Copy the data exactly. Images are to be left out.

# [Collected material]
━━━

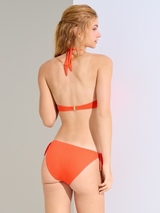 Lisca Swimwear Palma orange bikini brief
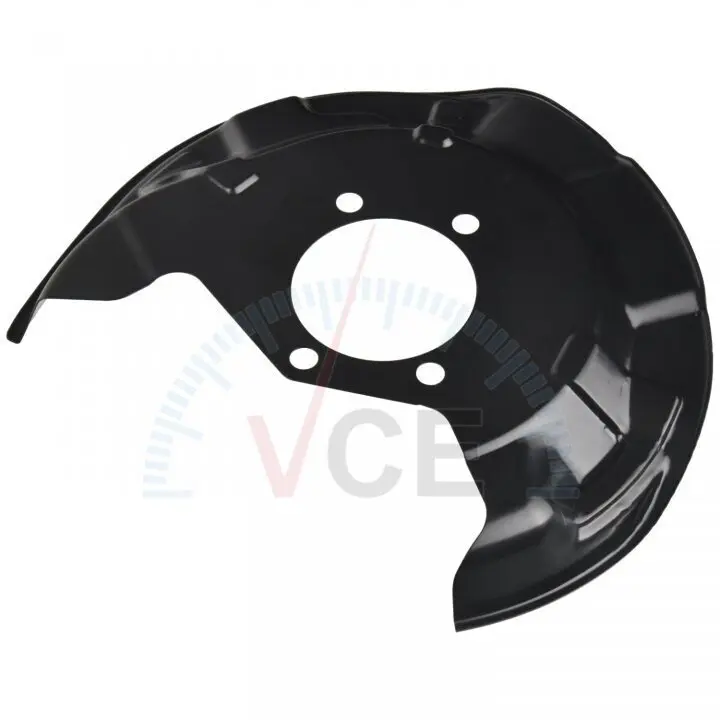 Захист диска гальмівного (заднього) (l) nissan qashqai 07-14 FEBI BILSTEIN 174916 (фото 1)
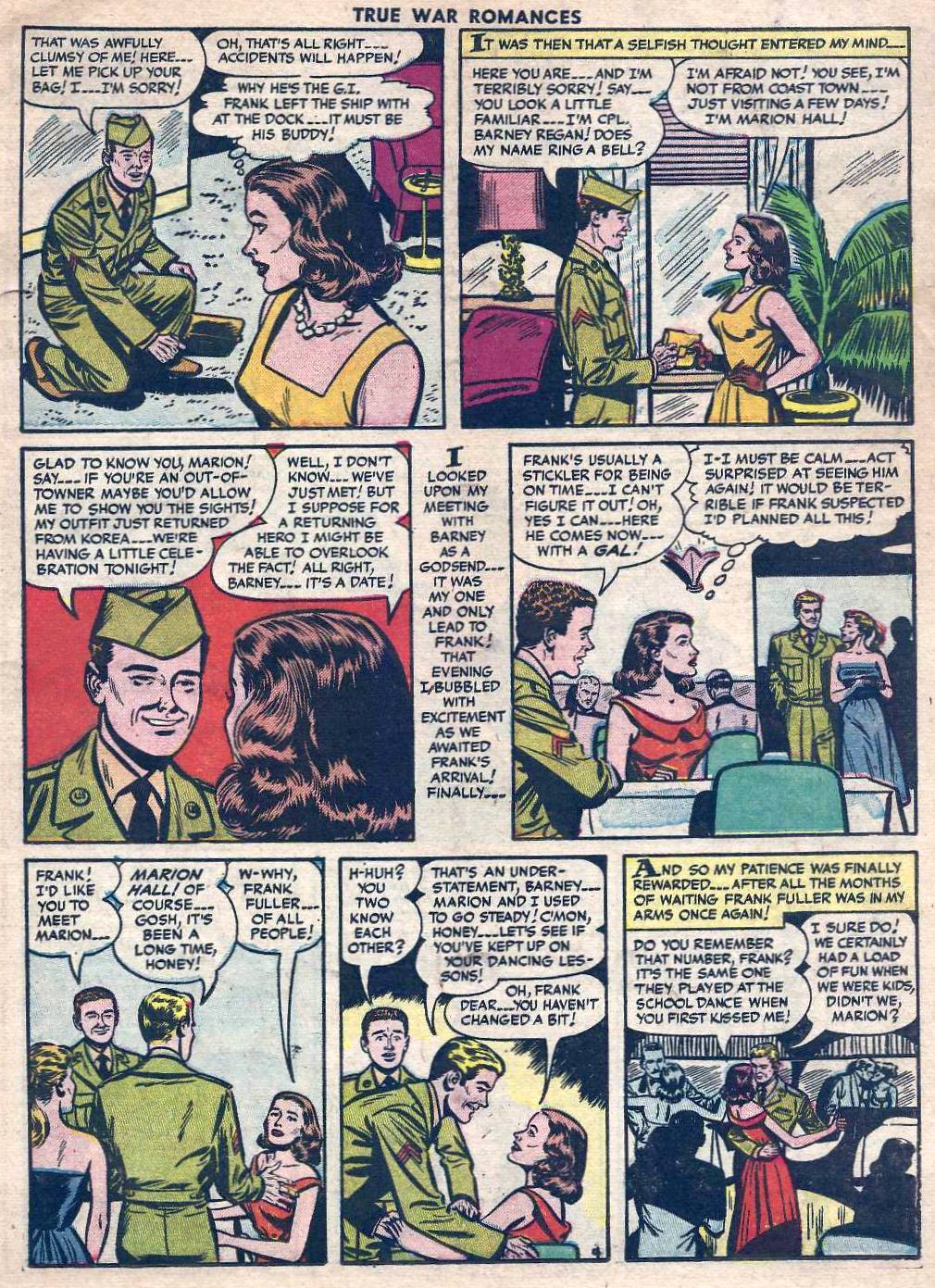True War Romances issue 14 - Page 15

━━━

# [Task response]
 Lisca Swimwear Palma orange bikini brief
 Захист диска гальмівного (заднього) (l) nissan qashqai 07-14 FEBI BILSTEIN 174916 (фото 1)
True War Romances issue 14 - Page 15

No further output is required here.